Embodying these spirits the dancers (Vince-Pang, Whitlow, Michael Marquez, Carlos J Martinez, Aaron Chaplin, Natalie Alleston, Carmen Vazquez Marfil, Manon Adrianow) represent their various attributes, shifting roles, merging and pulling apart. What I see is mighty women, sorceresses equal to men, lots of groundwork, cruciform lifts, slithering, leaping, circle dance, the sprinkling of water or blood, a swallow dive (Marquez safely caught by his group), a patchwork of moves.
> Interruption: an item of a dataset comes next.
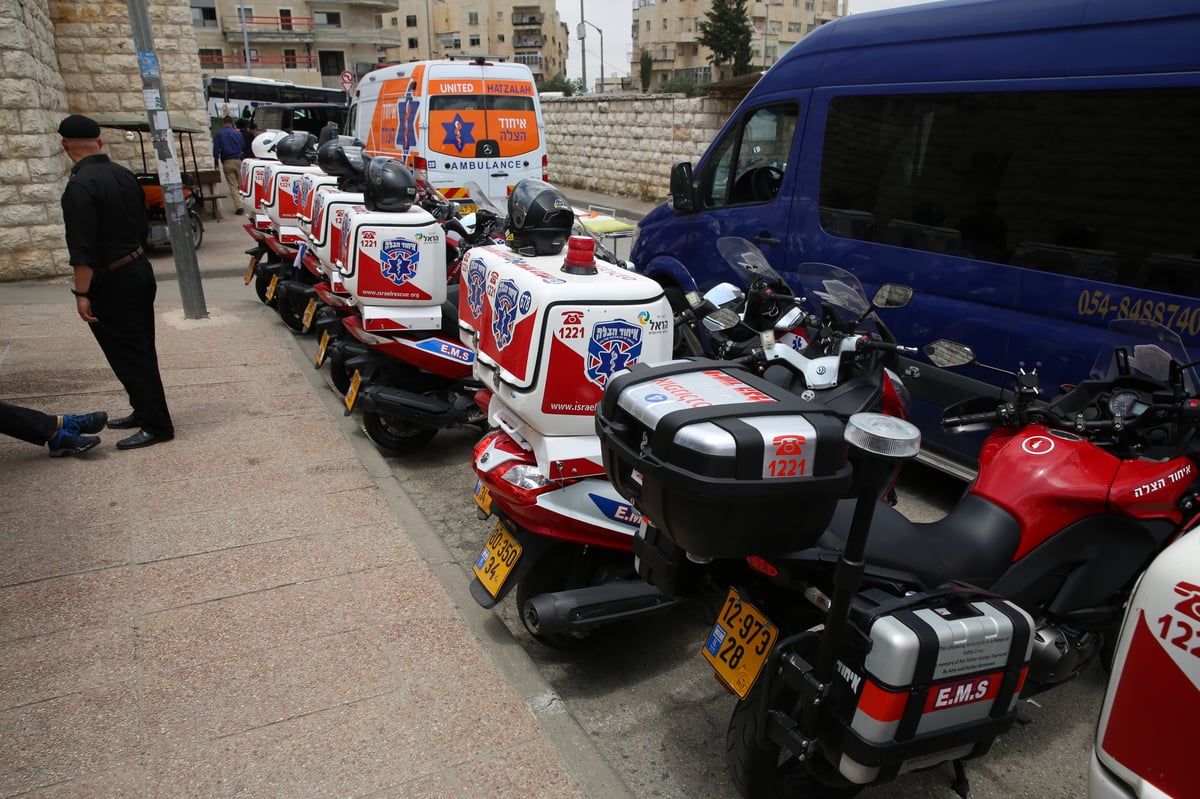 מאות ליוו למנוחות את מתנדב 'איחוד הצלה'  אפי גדסי ז"ל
Left Unseen by Amaury Lebrun (lighting Mark Baker) I find more precise, abstract geometric moves, both ferocious and still (allusions to blindness, disorientation). Electro-acoustic music from tracks by Alva Noto & Ryuichi Sakamoto and Hildur Gudnadottir provides the energy and synergy of the dance, changing with each track. I am carried along, watching the charge and emotion of the music transfer into movement.

In unisex shirts and trousers, grey on brown, the group is powerful, dynamic, martial at times, their contact work superb. Waves of movement, tangling, touching, then a pulling away into individuality, agile, supple, acrobatic, what can’t the body do? Hofesh Shechter / Ohad Naharin gestures, middle-eastern sounds, is Lebrun after universality, or are his influences showing?

Dance vocabulary fresh and exciting: a woman jumps on a man’s back and takes him by surprise; a prone man lifts a woman in a show of strength; a duel of sight versus sound, or rather no sound. The power of the collective, the support we all need, a partner at least to get us through, to be seen, so many invisible.

Not as thrilling a programme as the Windrush triple bill of last year, the scale smaller, the dancers still as good, up for anything as always.